When I fix the catastrophic forgetting problem by adding in entities detected by the baseline model do I have to be careful not to have the new entity spans and the old entity spans overlap?
For example, say I am trying to build an NER model that finds sports teams. I have the following sentence.
The Florida Gators won their away game in California last night.
Out of the box, spaCy will annotate “Florida” and “California” as GPEs. What I ultimately want is to keep “California” as a GPE, but label “Florida Gators” as a SPORTS_TEAM.
In my training data I’ll label “Florida Gators” as SPORTS_TEAM, but then in order to combat catastrophic forgetting I’ll run the sentence through the baseline NER, have it tell me that “California” is a GPE, and add that span to my training data. The baseline NER will also tell me that “Florida” is a GPE, and I don’t want to have that information overwrite my SPORTS_TEAM annotation.
Is there some convention that spAcy/Prodigy uses to keep this straight, or do I just have to be careful not to overlap spans when I’m augmenting my training data?
The entity recognizer is constrained to predict only non-overlapping, non-nested spans. The training data should obey the same constraint. If you like, you could have two sentences with the different annotations in your data. I’m not sure whether this would hurt or help your performance, though.
If you want spaCy to learn to recover both annotations, you could have two EntityRecognizer instances in the pipeline. You would need to move the entity annotations into an extension attribute, because you don’t want the second entity recogniser to overwrite the entities set by the first one. Something like this should work:
from spacy.tokens import Doc
Doc.set_extension('my_ents', default=None)

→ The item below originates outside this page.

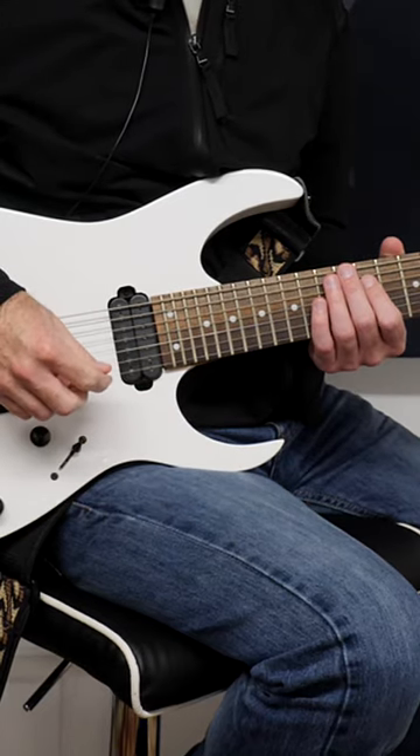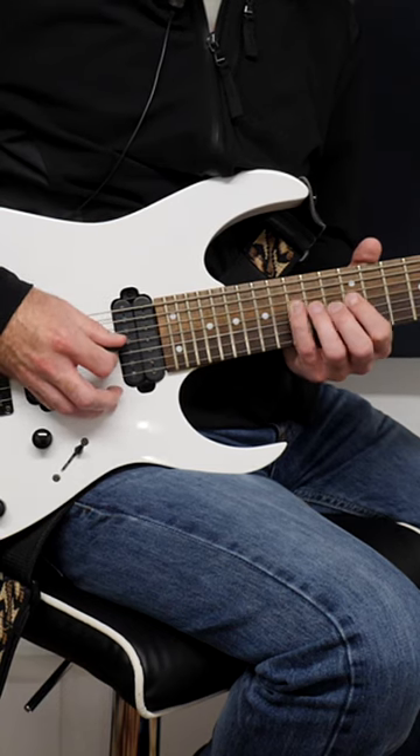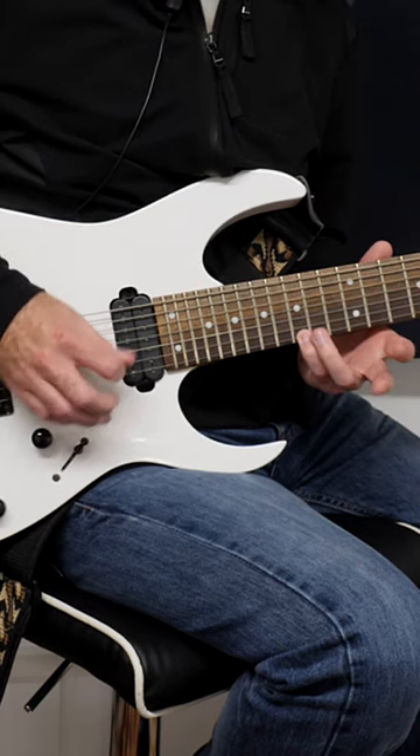Hi guys, I'm going to show you how to instantly increase your alternate picking accuracy. So this is the A string and you're going to play the 15th fret. Then on the string above that you're going to have the 14th, then the 12th, then the 13th, then the 12th, and then finally the 15th.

def move_ents_to_attr(doc):
if doc._.my_ents is None:
doc._.my_ents = []
doc._.my_ents.extend(doc.ents)
doc.ents = []
return doc
nlp = spacy.load('en')
nlp.entity.postprocess.append(move_ents_to_attr)
What if I have more than two NER models? Do I need to create an extension attribute for each of them? Or should I code it differently to handle unknown number of models in my NER pipeline?
You would need to have an extension attribute to hold the spans, yes. Internally spaCy encodes the entity annotations using IOB-style data, so there's no way to represent overlapping entities on the built-in token data.
Unlike in doc.ents, overlapping matches are allowed in doc.spans,
so no filtering is required, but optional filtering and sorting can be applied
to the spans before they’re saved.
Can I use this to create training data for my spacy model?
If yes, how? Because DocBin doesnt accept overlapping spans.
This note in Prodigy span categorization docs contains just the info you need, I think.
You should consider training spaCy SpanCategorizer
Did data-to-spacy with --spancat dataset did not work for you?